The image of Social Security recipient as senior citizen wrapped in blankets and dutifully clipping coupons to stretch their monthly check it long gone. Active, healthy boomers have combined with longer life spans to fuel a retirement revolution of second careers, education and travel that defy past generations, and nowhere is this more felt than with Social Security.
Consider—in 2015, over 59 million Americans received almost $870 billion in Social Security benefits. Nine out of 10 individuals age 65 and older receive Social Security benefits. An estimated 165 million workers are covered under Social Security. Retired workers and their dependents account for 72 percent of total benefits paid. Disabled workers and their dependents account for 15 percent of total benefits paid.
The government program is therefore incredibly popular, one of the few such programs that can confidently claim that mantle. Today’s beneficiaries can choose from eight separate benefits and thousands of possible claiming strategies that include such variables as age, marital status, income, life expectancy, children and many (many) more. It all leads to the central question of when the individual should begin receiving Social Security. If the answer is simply “at retirement,” the individual is sorely misguided, as the aforementioned retirement revolution makes the phrase essentially meaningless, or at least defined differently according to a recipient’s specific situation.
Claim right and the strategy can increase benefits and overall retirement income for years, and in some cases decades. Claim wrong and the chances of an individual outliving their retirement resources skyrocket. It’s an increasing complex, and critically important decision. Thankfully resources are here to help.
More financial advisors are capitalizing on technology and utilizing software specifically designed to maximize the amount an individual or couple receives in Social Security benefits. Mainly algorithm-based, such programs can determine a general strategy with a few simple inputs. However, the more information added, the more specific the strategy becomes, further increasing the odds that the strategy is optimized.
Pre-retirees would do well to spend some time with the software, says Cory Chapman, managing partner and financial advisor with El Segundo, California-based EFC Wealth Management, a firm that specializes in Social Security claiming strategies.

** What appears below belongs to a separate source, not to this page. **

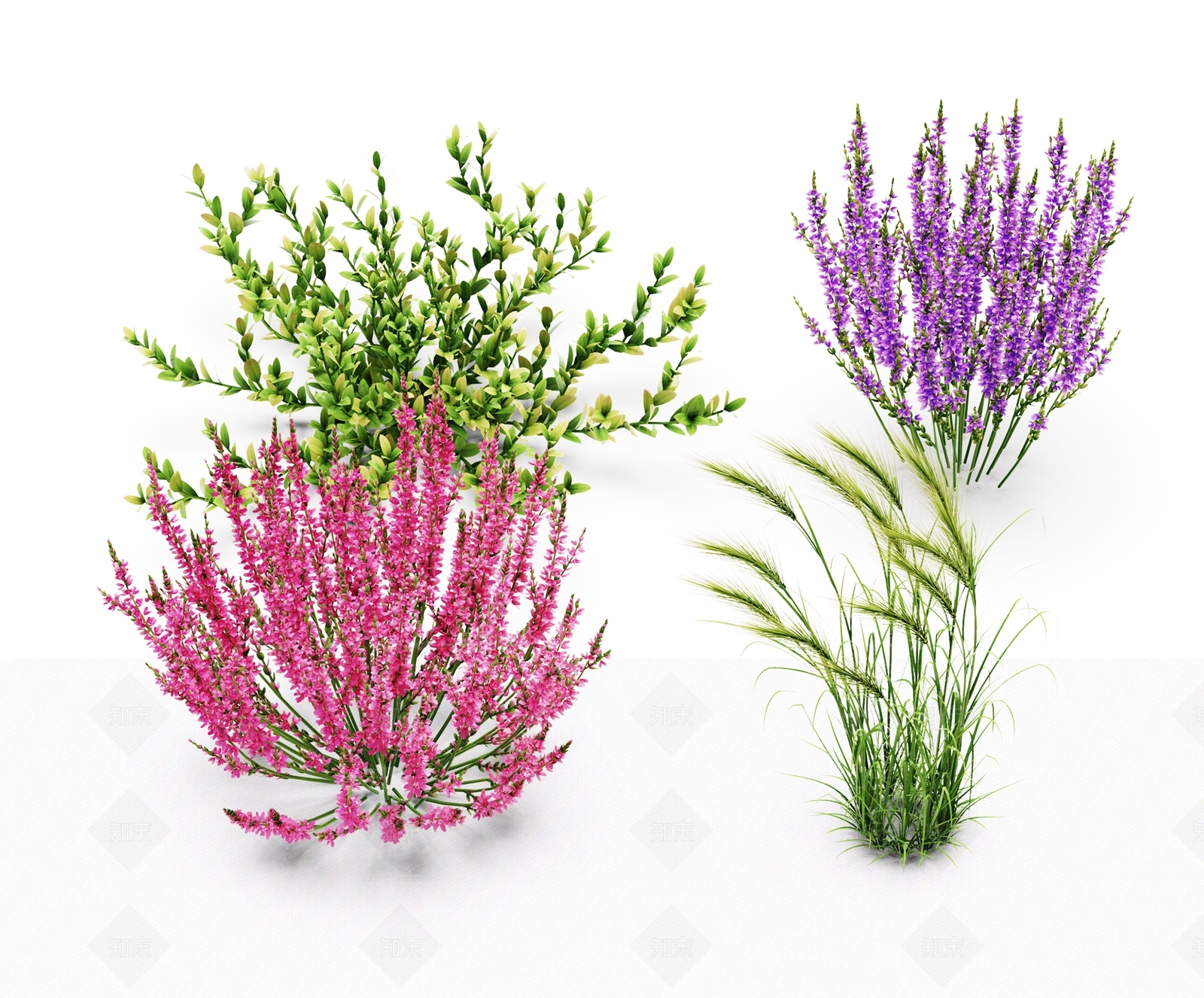 现代花草组合3D模型下载【ID:1106268730】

It’s easy to see why. The most popular age to begin benefits is age 62, the earliest possible. This means early withdrawal penalties that result in far less than the amount to which many workers are entitled. Delaying until full retirement age (currently age 66) or, better yet, delaying until age 70 (the maximum allowed) results in far more total benefits over the course of what is quickly becoming 20, 30 or even more years spent in retirement. Indeed, the difference between beginning payments at ag 66 and just for years later at age 70 results in an 8 percent annual return each year (or 32 percent total), far greater than what’s available in the private market. It can be thought of as an annuity, but one paid for by the federal government.
“The individual will get 25 percent less over the course of their retirement in they begin at 62 and 32 percent more if they are able to wait until age 70,” says Chapman, whose firm is currently offering a free Social Security evaluation. “And there’s no market risk. The rationale and incentive for doing so are there, it’s just a question of illustrating it to the recipient.”
With major changes afoot, most recently the discontinuation of two claiming strategies known as “File and Suspend” and “Restricted Application” the programs, and how benefits are received, remain fluid, which furthers the case for professional assistance when figuring it all out. The stakes—a successful and affordable quality of life in retirement for the majority of American—are simply too high otherwise.